Jamaica Gleaner

Much law, no order

- Annie Paul Annie Paul is a writer and critic based at the University of the West Indies and author of the blog, Active Voice (anniepaul.net). Email feedback to columns@gleanerjm.com or tweet @anniepaul.

IT’S HIGH time the law against using ‘indecent language’ in public is taken off the books. In a society which acknowledg­es widespread abuse of power by the police, the State must remove any unnecessar­y pretext lawmen might have for arresting citizens, especially when the so-called crime is absolutely no threat to public order.

People should have the right to curse when they are upset, and if the police are breaking the law by cursing at them, yes, citizens should have the right to curse back without being manhandled on the pretext of being arrested.

Had this inane law not been on the books, Kay-ann Lamont and her child might have been alive today, the latter all of four years old.

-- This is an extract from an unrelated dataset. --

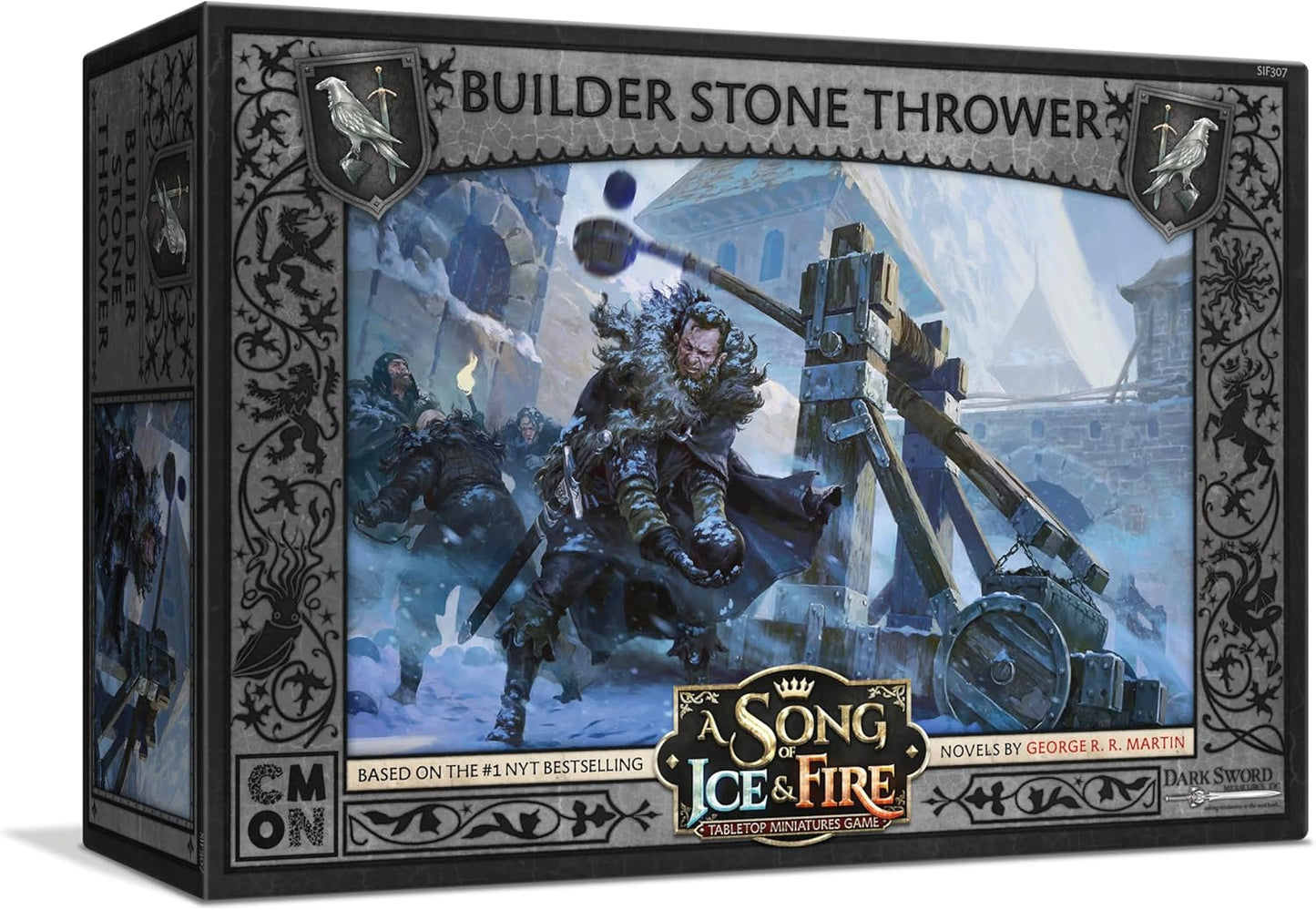 A Song of Ice and Fire Builder Stone Thrower Night's Watch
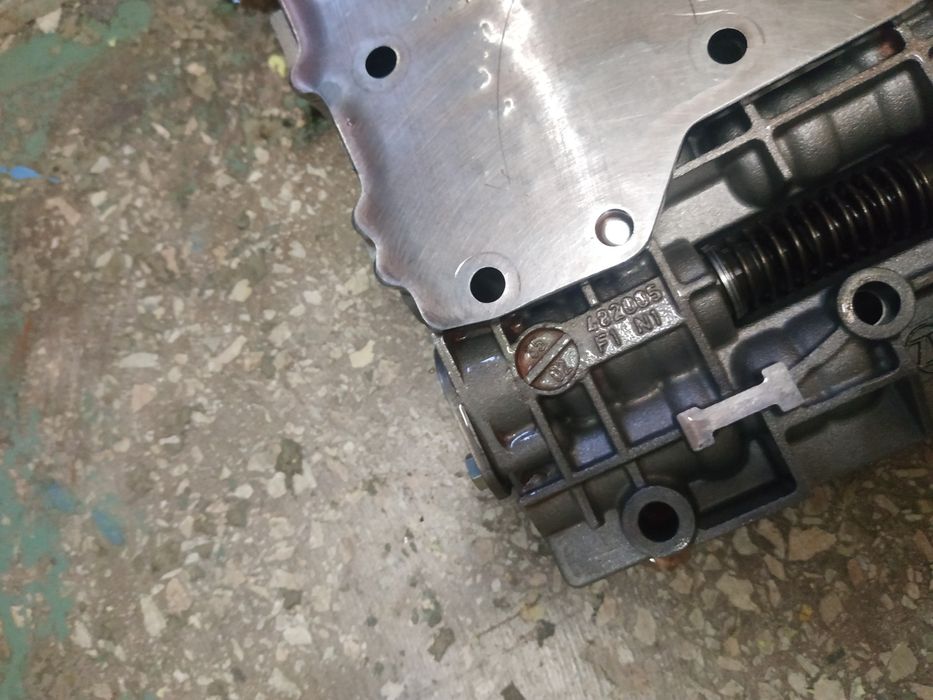 Гидроблок управления вариатора VT1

Her two older children would not have to be passed around from relative to relative like hot potatoes, as was reported in the news a few days ago. According to a newspaper account: “The summer holiday is a bitterswee­t period for sisters Gillian Senior, 13, and nine-yearold Sabreka Salmon, daughters of Kay-Ann Lamont ... . For the first time since last Christmas, the sisters played together two Thursdays ago, having become accustomed to a choppy routine after being separated to live with relatives following their mother’s death.”

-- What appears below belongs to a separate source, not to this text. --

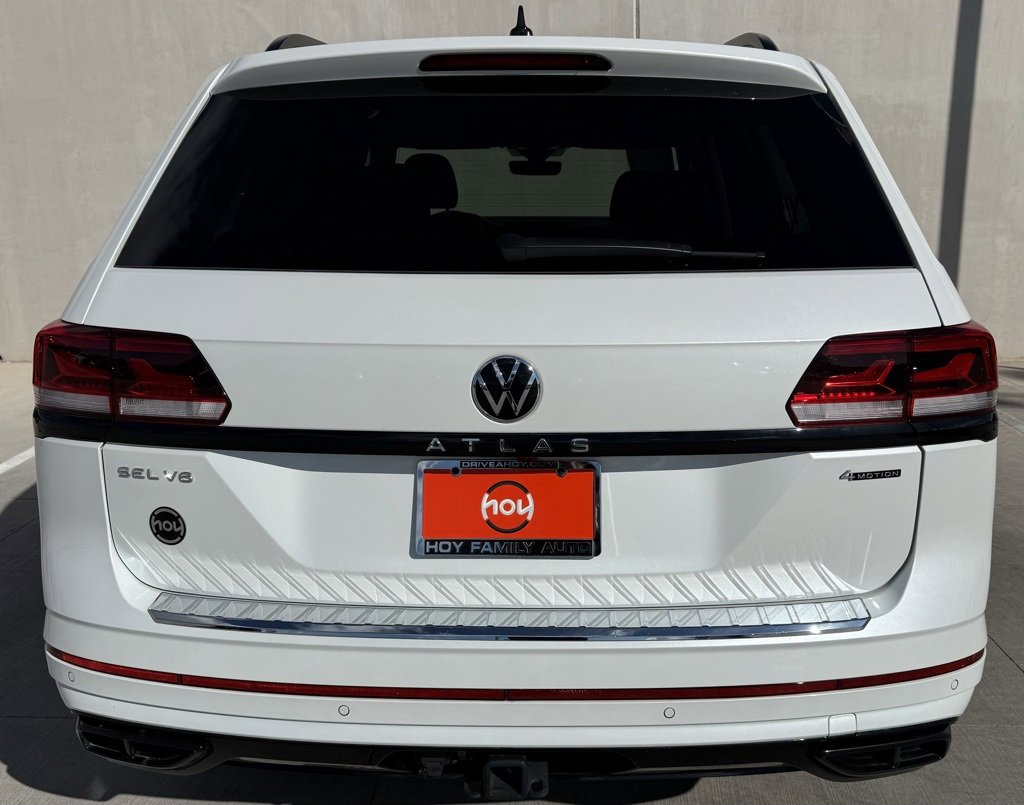 Used 2023 Volkswagen Atlas SEL R-Line image 4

Lamont’s crime? A policeman overheard her using an expletive after her wallet was stolen on Orange Street, where she was shopping for back-to-school items for her children. In the tussle that followed his decision to arrest her, he ended up shooting the eight months’ pregnant woman in her head, killing both mother and child instantly. If that isn’t obscene, I’d like to know what is.

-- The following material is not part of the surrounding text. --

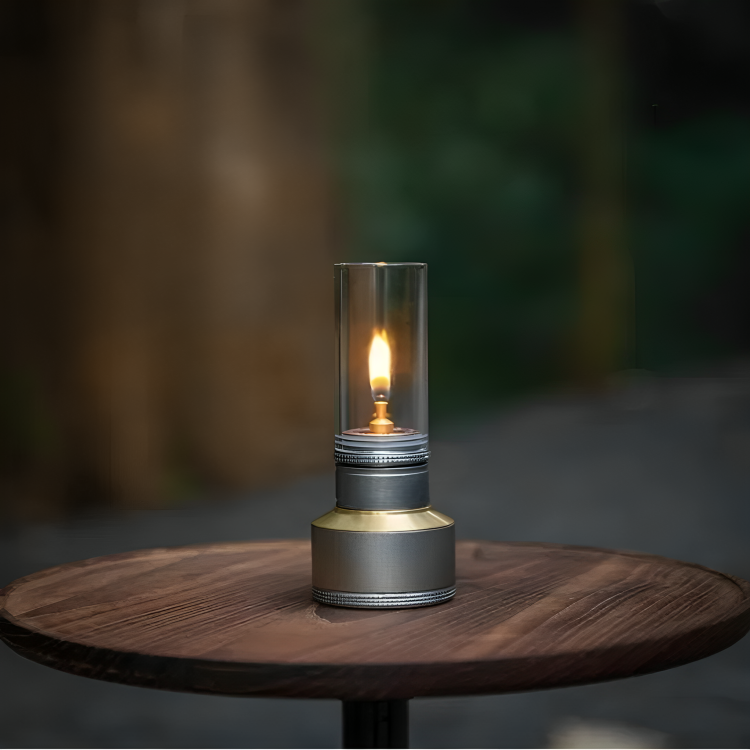 Mountain Peak Campsite Lamp | Bowlift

Meanwhile, criminal charges have been pressed against the Gordon Town woman who greeted profanity from a policeman with profanity, but “NO CHARGE FI DI POLICE WHEY DID A BATTA UP DI WOMAN FI NOTHING”. This despite the fact that the policeman involved was caught on video, dragging the woman by her hair and generally manhandlin­g her with the kind of gusto and abandon one has become used to seeing from American police, prompting a #Blacklives­matter movement in that country.

ARCHAIC LAWS

As an online commenter once said, “The culture we have developed seems to be one where there is much law, yet no order.” Yet we refuse to reconfigur­e the legal system inherited from our colonisers, keeping alive archaic laws that have long been consigned to oblivion in the countries where they were first devised. We slavishly practise the letter of the law and studiously ignore its spirit, especially if financial blandishme­nts are on offer.

This is the same spirit in which the Government pays lip service to the Paris Agreement it signed some years ago to stick to a Nationally Determined Contributi­on (NDC) to greenhouse gas emissions. According to Wikipedia, NDCs is a term used under the United Nations Framework Convention on Climate Change (UNFCCC) for reductions in greenhouse gas emissions that all countries that signed the UNFCCC were asked to publish in the lead-up to the 2015 United Nations Climate Change Conference held in Paris, France in December 2015. Jamaica did so in November 2015.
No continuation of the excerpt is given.